**Directions for this task**: Skip the pictures and write out, word for word, the lines below from the one with "Unfortunately, FrontierMail does" through the one with "We have a teenager", inclusive.

**Records for the task**:
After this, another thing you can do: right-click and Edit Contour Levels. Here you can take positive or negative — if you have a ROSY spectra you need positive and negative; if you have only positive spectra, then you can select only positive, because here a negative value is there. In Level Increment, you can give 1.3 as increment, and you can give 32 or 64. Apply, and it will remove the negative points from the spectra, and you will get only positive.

==

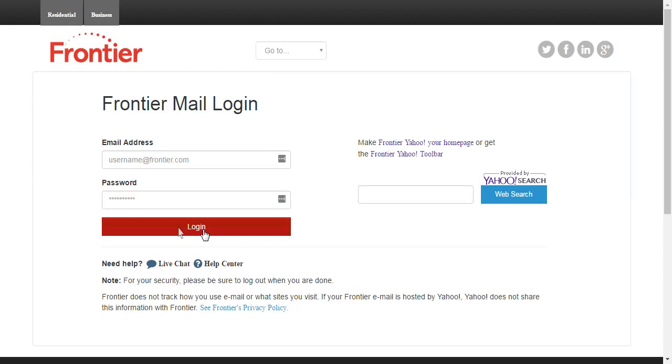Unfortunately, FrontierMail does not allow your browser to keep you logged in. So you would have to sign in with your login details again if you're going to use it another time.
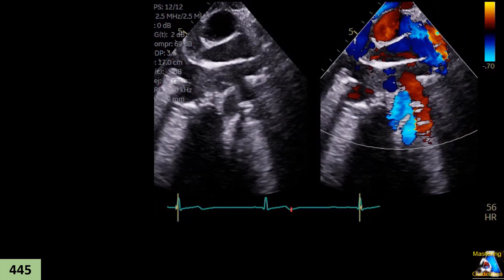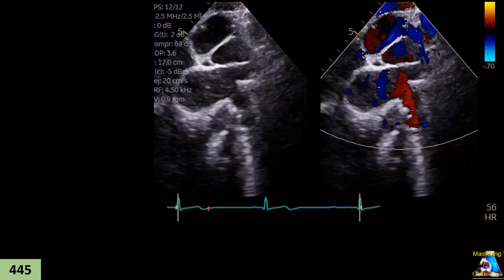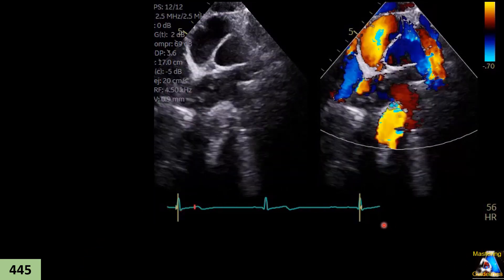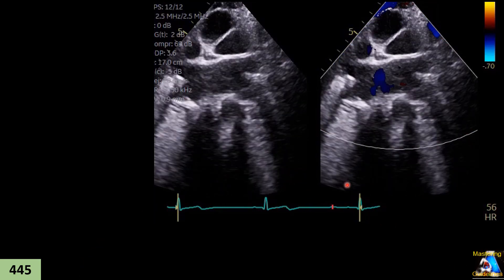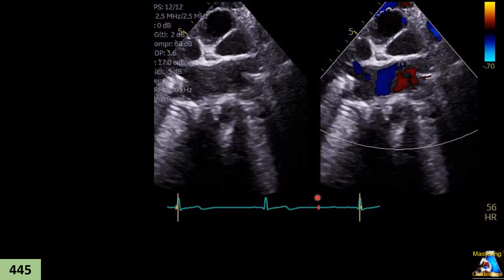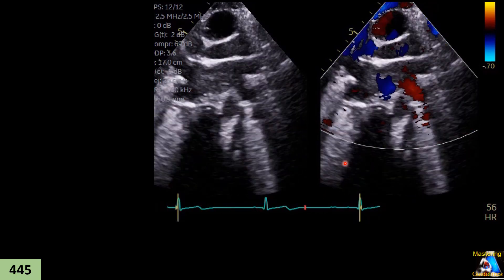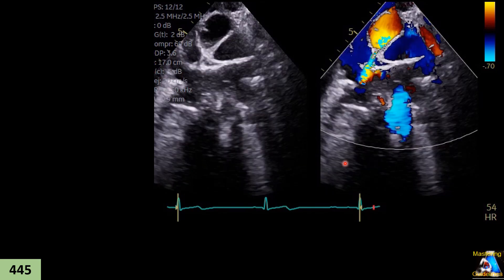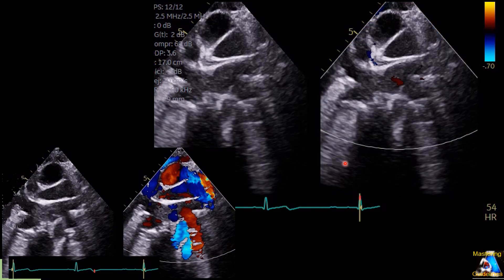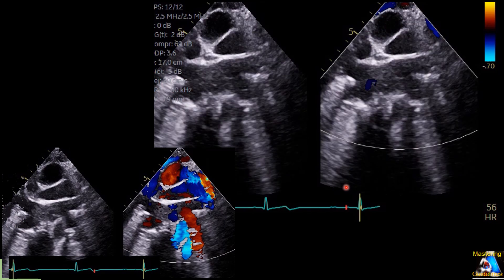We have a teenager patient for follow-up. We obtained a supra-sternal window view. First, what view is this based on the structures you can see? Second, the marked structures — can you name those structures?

**Answer to this exercise**:
Unfortunately, FrontierMail does not allow your browser to keep you logged in. So you would have to sign in with your login details again if you're going to use it another time.
We have a teenager patient for follow-up. We obtained a supra-sternal window view. First, what view is this based on the structures you can see? Second, the marked structures — can you name those structures?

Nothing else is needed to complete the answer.